Research Design and Data Collection

In this section I will discuss the research design and data collection methods used for this thesis. Furthermore, I operationalize the theoretical concepts mentioned in the previous chapter.

Justification of Research Type

First of all, I need to discuss some general principles upon which my thesis is based. My research design is a positivist one, which means that I analyse reality instead of taking a normative approach where an argument would be made for how reality should be. This positivist approach becomes apparent in my research question: To what extent does stakeholder involvement form part of risk

governance? The main aim is to discover the association between different risk governance stages

and stakeholder involvement, using theory to provide a possible explanation for the association, making it an explorative research design. Since I attempt to test the risk governance theory against an empirical case, this is a theory-testing and deductive thesis. I chose this design because risk governance theory has not been empirically tested with regards to its arguments about stakeholder and public involvement. I mainly take an agency perspective, meaning that I look at stakeholder involvement and risk governance with the perspective of the European Commission. Thus, I mainly look at what the Commission would expect from different risk governance stages and how that relates to stakeholder involvement: what types of consultations would be used by the Commission and what types of stakeholders would be targeted by the Commission. However, for this last part I also look at what types of stakeholders respond to consultations, to make a comparison.
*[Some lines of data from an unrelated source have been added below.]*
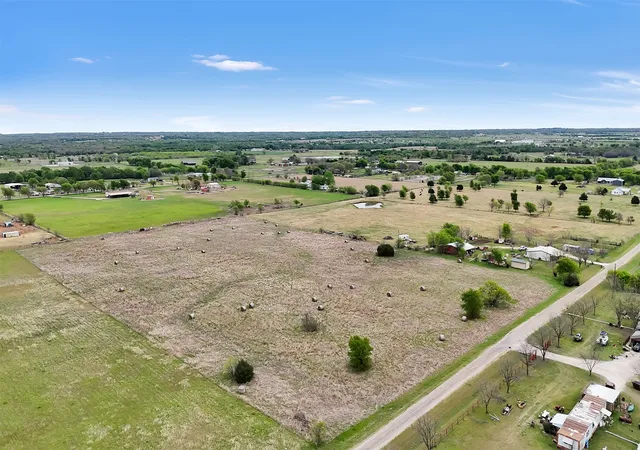 Homes for sale in Rio Vista, TX | 6123 Hill Ct, Rio Vista, TX 76093 | MLS# 21222046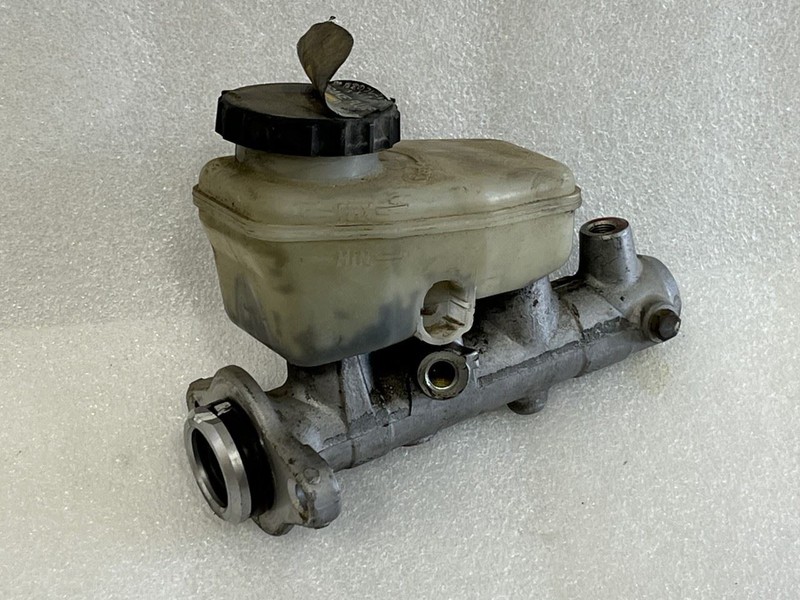 1995 1996 1997 LEXUS LS400 BRAKE MASTER CYLINDER NON-TRACTION OPTION 47201-50150
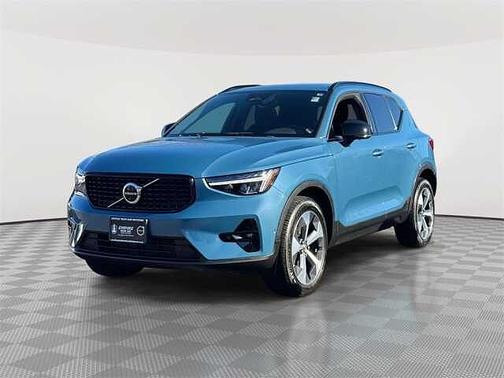 2023 Volvo XC40 Plus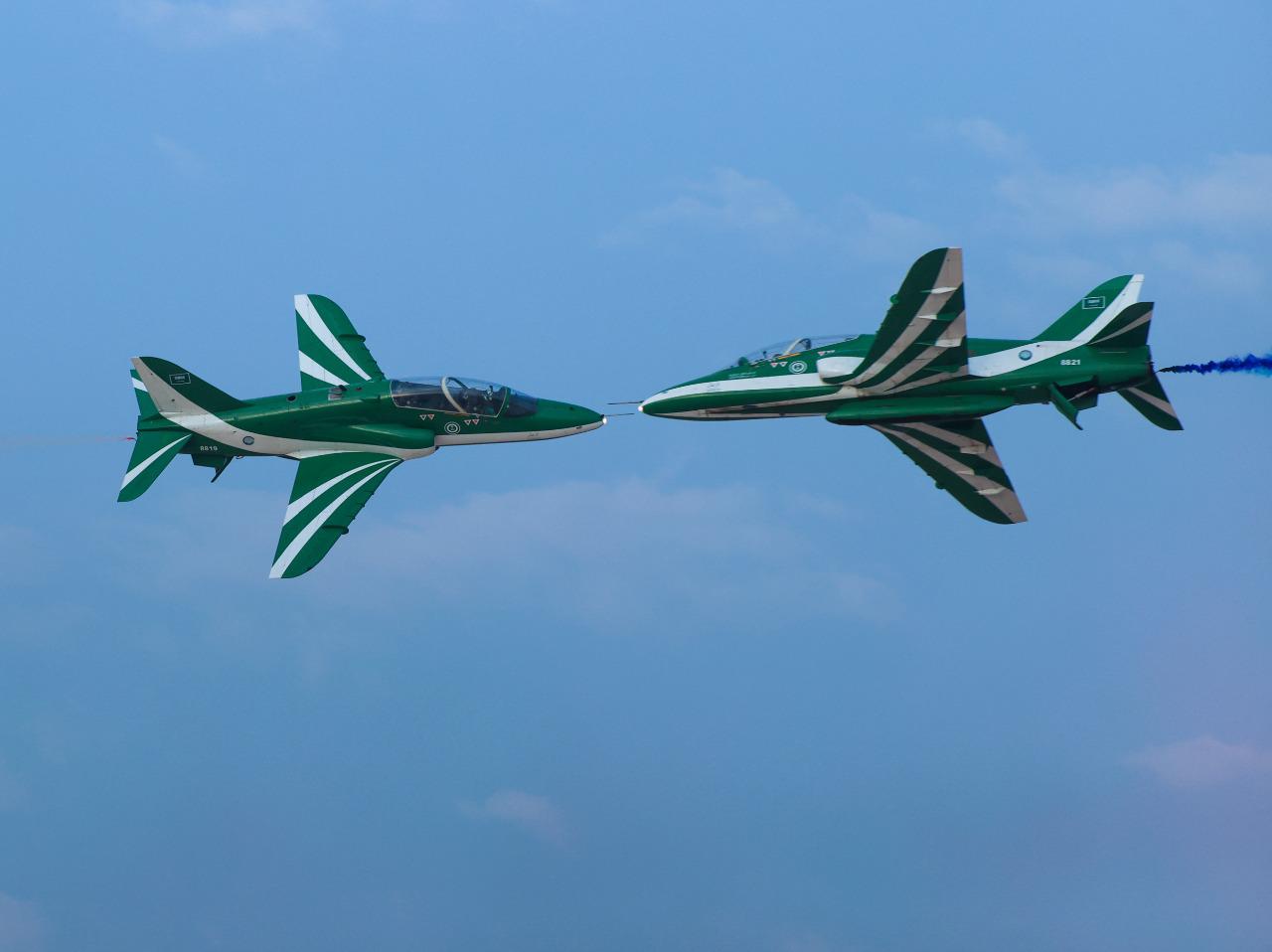 الطائرات السعودية تؤدي "تحية وطن".. اختتام أكبر استعراض جوي في تاريخ الأيام الوطنية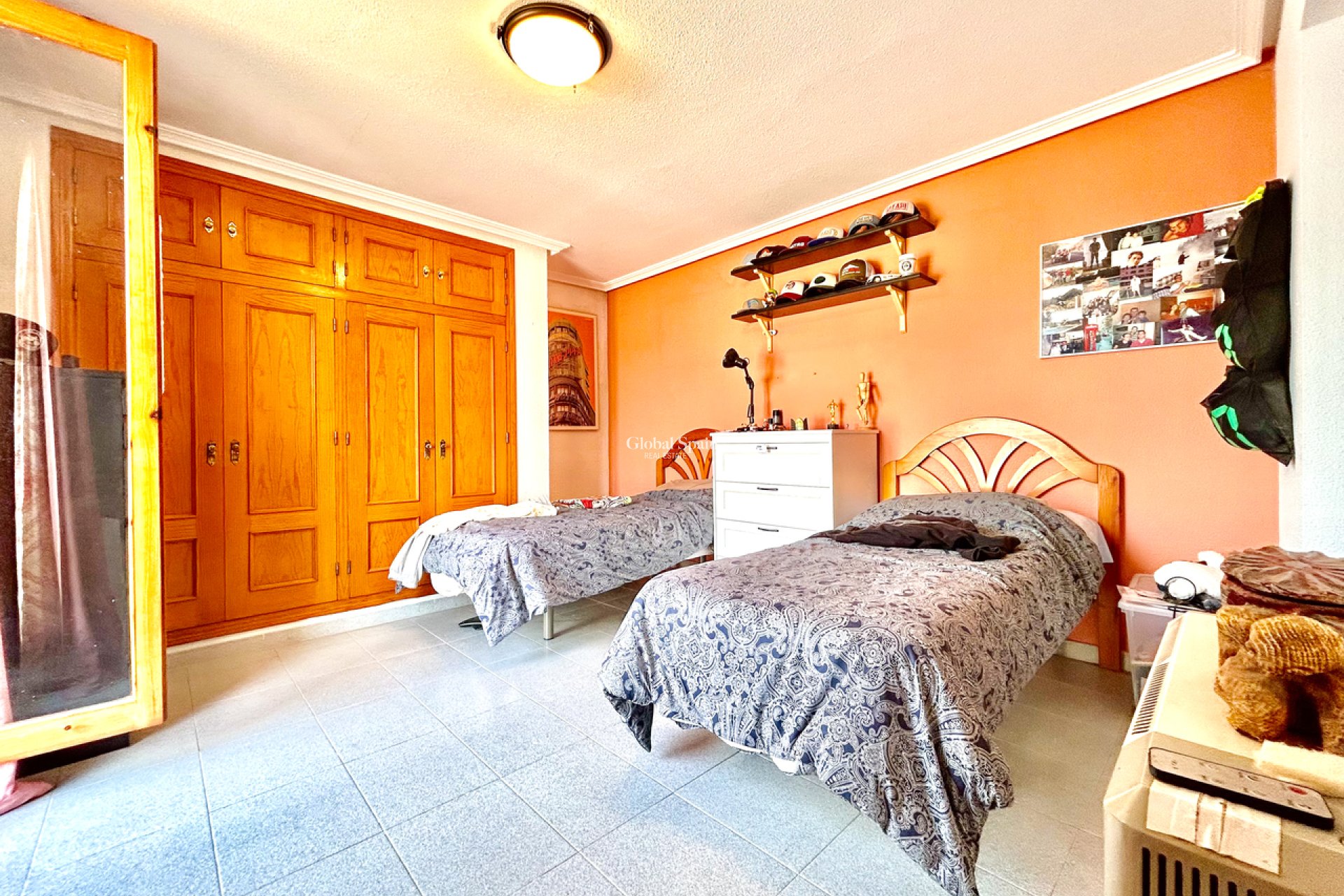Wiederverkauf - VILLA -
LA ZENIA - Costa Blanca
In the context of my research question, a quantitative research design is more useful than a qualitative design, as this allows for the analysis of a large amount of cases to provide a general overview of risk governance. A qualitative research design would be more useful for an in-depth view of a few cases. Since my focus is not on the outliers, a large-N design rather than a small-N design is suitable.

Case Selection and Data Collection

In this section, the case selection will be discussed, where I elaborate on my choice for the focus on the DG SANTE as the source of my observations. Then, I will discuss data collection.

I decided to focus on a few closely related policy fields within the European Commission. These policy fields are Public Health and Food Safety, which are grouped in the DG SANTE. This decision was made for various reasons. These policy fields are often exposed to risk because of their direct effect on human health (Martinez, Verbruggen, Fearne, 2013; de Sa, Mounier-Jack, Coker, 2009). This also makes them more susceptible to public perception and discussion because these risks can affect the public. Since my aim is to research risk governance, looking into a field in which risk plays a role makes sense and increases external validity.

In order to construct my dataset, I needed to collect data on Commission stakeholder involvement. Fortunately, the Commission publishes most of their consultations open for a broader audience online. This often includes consultation documents, the type of consultation, consultation objectives, targeted stakeholders and responding stakeholders. When finished, the responses to the

consultation are published on the official Commission consultation page

(https://ec.europa.eu/info/consultations). Furthermore, I looked at the specific consultation page for the DG SANTE for additional resources (https://ec.europa.eu/health/consultations_en). Overall, I looked at 150 consultations, ranging from 2010 to 2019. This includes some consultations that were still open at the time of coding. Thus, for those consultations I could not include information on the stakeholders who responded to the consultation, but I was able to provide the rest.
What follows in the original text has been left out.